Esta era una rana deprimida con su apariencia, que todos los días se miraba a sí misma en el estanque, sin poder hacer otra cosa más que enumerar sus defectos.
—¡Qué grande es mi boca! —decía— Tan ancha como la de un buzón y emite ruidos tan desagradables, ciertamente una cosa fea. ¡Y este color verde, como el de las lechugas! A mí no me gusta para nada. Y estas manchas marrones, que son como verrugas sobre mi cuerpo. ¡Ay, qué desgracia la mía, haberme tocado nacer así!
Pero lo que más acomplejaba a la ranita sin duda alguna, era su tamaño, pues se sabía tan pequeña al lado de otros animales, que no podía sino sentirse inferior a ellos.
Más todos los días en su recorrido hacia los estanques, pasaba por un verde pastizal en el que acostumbraba retozar un enorme buey, fuerte e imponente como solo los de su especie podían serlo. Y la ranita se quedaba maravillada al verlo.
—¡Qué suerte la de ese buey! —pensaba en voz alta— Siendo tan grande y tan poderoso, todos lo han de respetar, y mira que hermoso se le ve.

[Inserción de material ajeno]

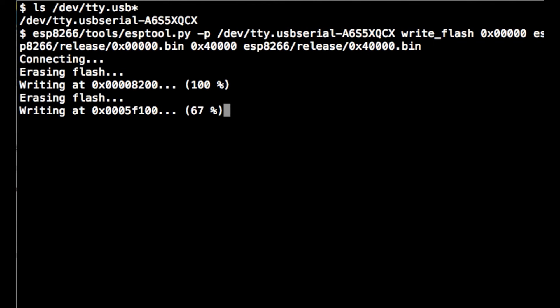Now that the new firmware is flashed, we can go on and hook up this ESP8266 to an Arduino. Thanks for watching.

Un buen día, yendo ante sus amigas, tomó una exasperada decisión:
—¡Me cansé de ser una ranita! —exclamó, ante la mirada sorprendida de todas— De ahora en adelante, voy a ser tan grande como un buey. Avísenme cuando haya alcanzado su tamaño.
Y así, la rana comenzó a inflarse para ser tan enorme como aquel animal, sin conseguir más que asemejarse a un globo inflado.
—¿Ya soy tan grande como él?
Y las ranitas, apenadas por su amiga pero siempre sinceras, le respondían que no. Entonces ella seguía inflándose, haciendo esfuerzos por cambiar y reteniendo tanto aire como podía dentro de su resbaladizo cuerpo.
—¿Y ahora? ¿Me parezco al buey?
Pero las otras ranas no pudieron hacer más que negar con la cabeza y así, la ranita siguió inflándose tanto, que explotó y se desmayó con un alarido de dolor. Había un agujero enorme en su estómago.
Sus amigas, raudas, acudieron a buscar a un sapo que era cirujano y que con un poco de tela de araña pudo rellenar y coser el orificio, salvando la vida de la rana. Desde ese entonces, a ella no se le ocurrió volver a arriesgarse por convertirse en algo que no era.
Decidió enfocarse en las ventajas de ser ranita y que antes no había notado. Ella podía dar saltos increíbles de nenúfar en nenúfar y bañarse todo el día en el estanque; algo que los bueyes ni siquiera podrían soñar.
Y por fin, la rana fue feliz consigo misma.
¿Cuál es la moraleja de esta historia? Acéptate tal y como eres, nunca intentes ser como nadie más. Todos tenemos defectos pero también virtudes y habilidades que nos hacen únicos. Cultiva las tuyas y brillarás para el mundo, vayas donde vayas. Fíjate en tus defectos y los demás lo harán también.
De ti depende la forma en la que el mundo te observe.